Couture never envisioned being gone for so long when his Army Reserve unit, the 94th Military Police Company, was deployed to the Middle East.

He initially expected to be gone for six or seven months. But the tour of duty was extended twice, leaving families heartsick and some soldiers physically ill.

Now he can enjoy his sons, 4-year-old Wyatt and 6-year-old Lane, who are getting used to having daddy home again. He and his wife, Darcie, are planning a three-day getaway to Quebec to get reacquainted with each other.

“If it’s one thing I’ve gained, it’s an appreciation for what I have, family, friends,” Couture said sitting near his wife, a stray red-and-blue ribbon on the ground along with a remnant of a “Welcome Home” balloon.

“I have a couple of neighbors who came over,” he said. “They mowed my lawn and snowblowed my driveway while I was gone. It gives me hope. Not only did I not go over there for nothing, but I was defending people like that.”

The 94th is based in Londonderry, N.H., and has a Maine-based detachment in Saco. Members also come from Massachusetts and Rhode Island.

The soldiers had been home for about a year after serving in Bosnia when members were deployed again in December 2002.

The unit arrived in Iraq in April 2003. Twice they were ready to leave when their stay was extended in Kuwait and Iraq. At Easter, they were hours away from boarding their plane when they were told to wait.

“It was nothing short of devastating,” Couture said. “Some people were physically sick, sobbing.”

The company may be the longest-deployed unit to have served in Iraq, and possibly the longest-deployed Reserve unit since World War II.

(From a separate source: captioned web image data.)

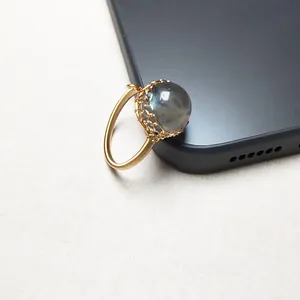 Detail eines mit 14K Gold gefüllten, drahtumwickelten Rings mit großem grauem Achat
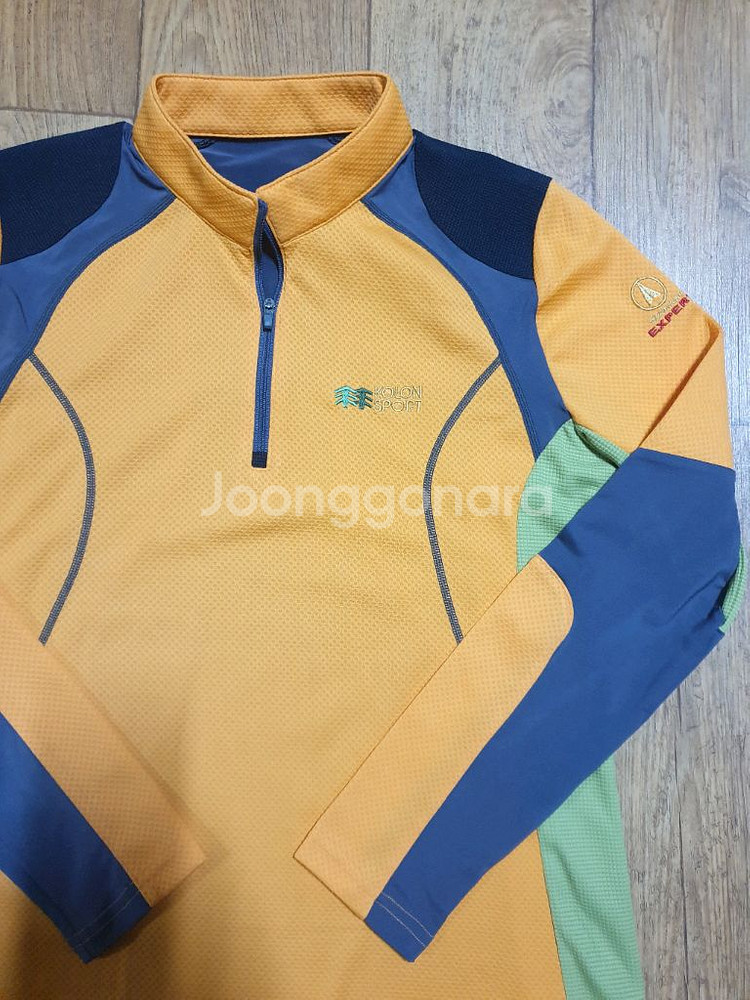 코오롱 아웃도어 반집업 90 사이즈입니다--2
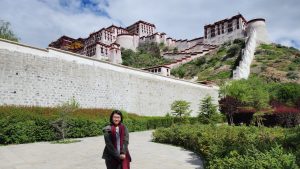 Du khách chụp ảnh ở cung điện Lhasa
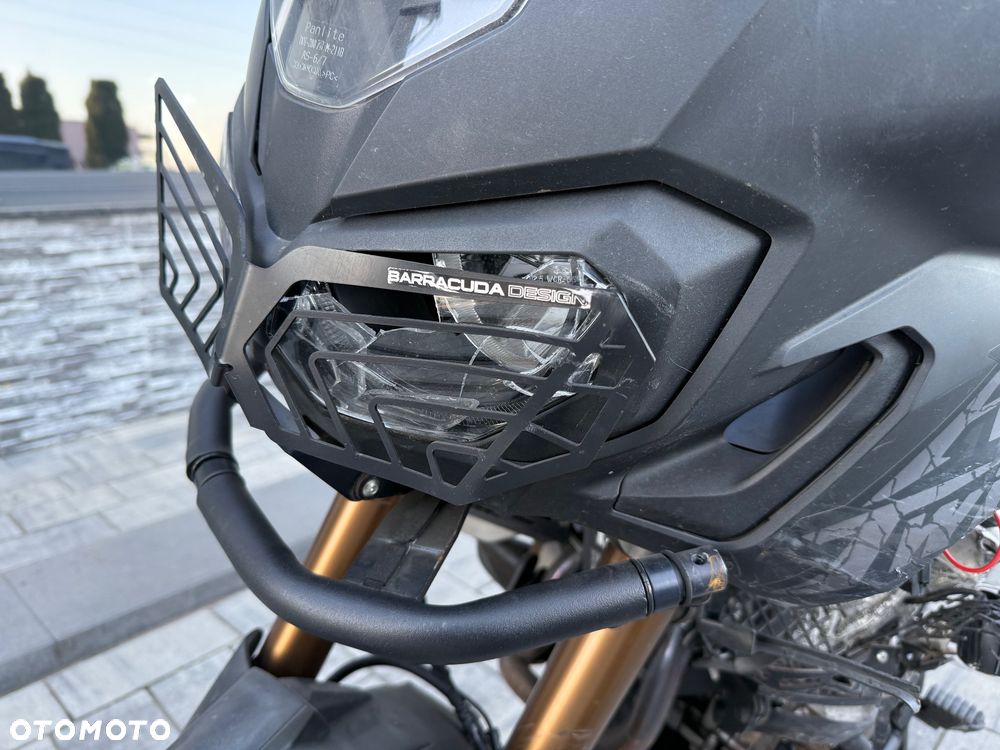 Honda CRF - 7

Couture, 37, thinks he came through it all relatively well partly because of his age and life experience, partly because he knew his wife and children were safe at home. Couture has been home since Aug. 4, the day the company was formally dismissed at a ceremony in New Hampshire.

“I feel overall pretty healthy about it,” he said. “I have a hard time sleeping sometimes and the floodgates open sometime, but I don’t think that’s unhealthy. I feel very comfortable talking to my wife about it. And one thing I’ve always tried to do is, I wrote everything. I found it cathartic.”

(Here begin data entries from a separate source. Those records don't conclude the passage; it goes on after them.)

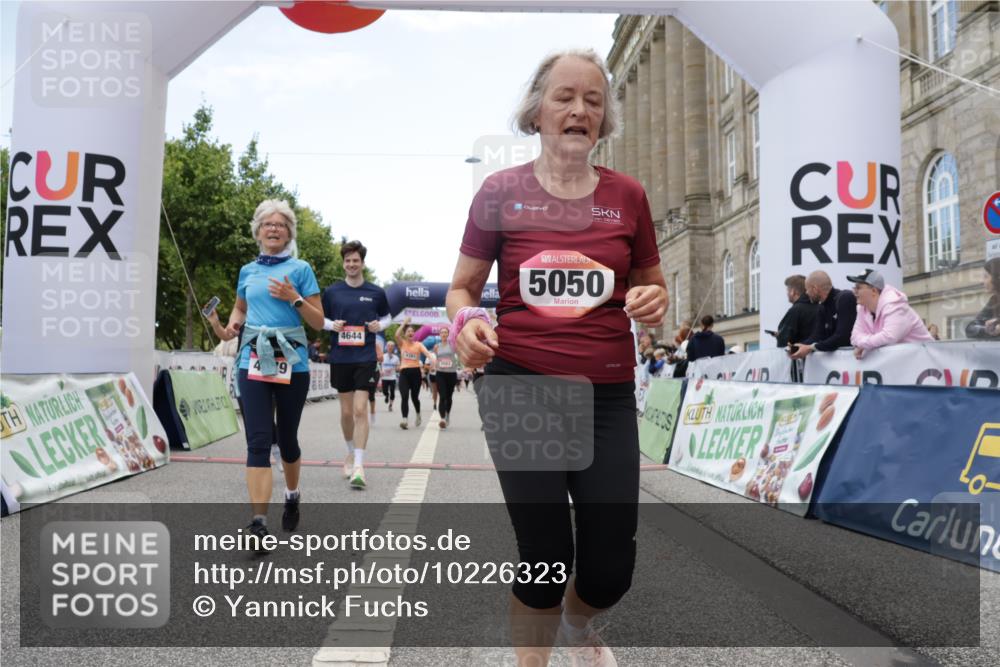 06.09.2026 - CURREX Alsterlauf Yannick Fuchs http://msf.ph/oto/10226323 06.09.2026 10:18:19 Ziel 2026, 2208, 2209, 2262, 2381, 3083, 3682, 3683, 4186, 4391, 4479, 4632, 4644, 5050, 5572, 6339, 8290 meine-sportfotos.de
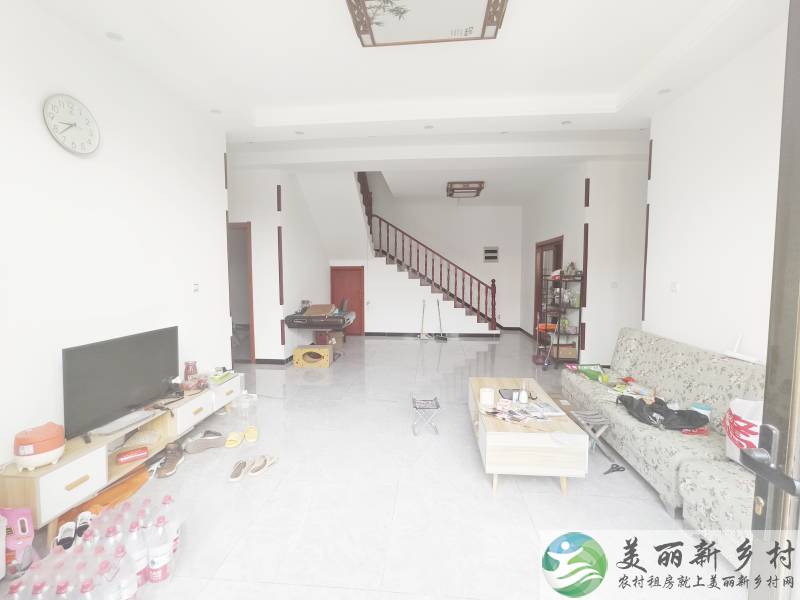 顺义北小营~4室一卫，大院子小车能进院。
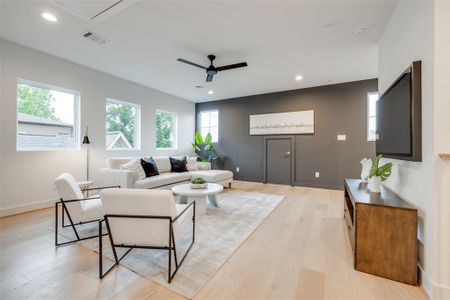 New construction Single-Family house 1613 Park St, Houston, TX 77019 null- photo 37 37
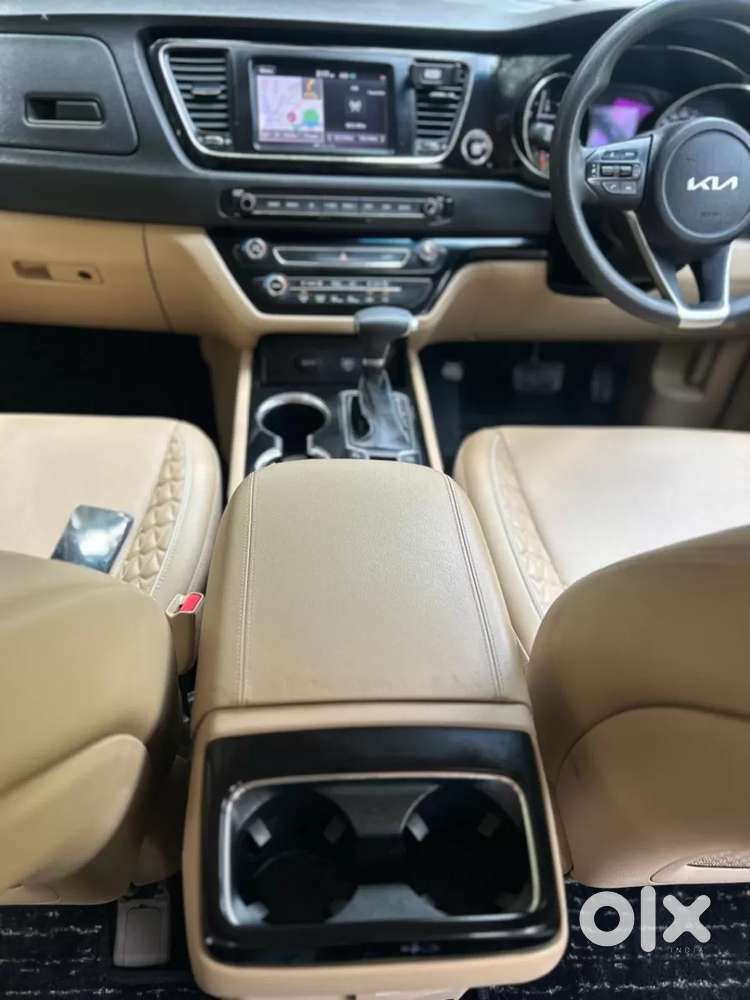 Kia Carnival Limousine, 2022, Diesel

Without e-mail for the first year, Couture wrote long letters by hand, telling Darcie about what he saw and what he did. Couture said others in his unit sugarcoated their experiences so their families wouldn’t worry.

Later, the unit set up a police academy in Ramadi and had a computer room there where they could send e-mail.

“It was very bizarre,” he said. “I’m reading an e-mail she just wrote me and hearing heavy fire and seeing the tracers.”

Now his children are monopolizing his time and he’s relishing chores like picking them up from the Boys and Girls Club of Greater Gardiner. He missed Lane’s entire first year of school, and has missed three of Wyatt’s four birthdays.

“I don’t think they’re completely convinced I’m home for good,” Couture said.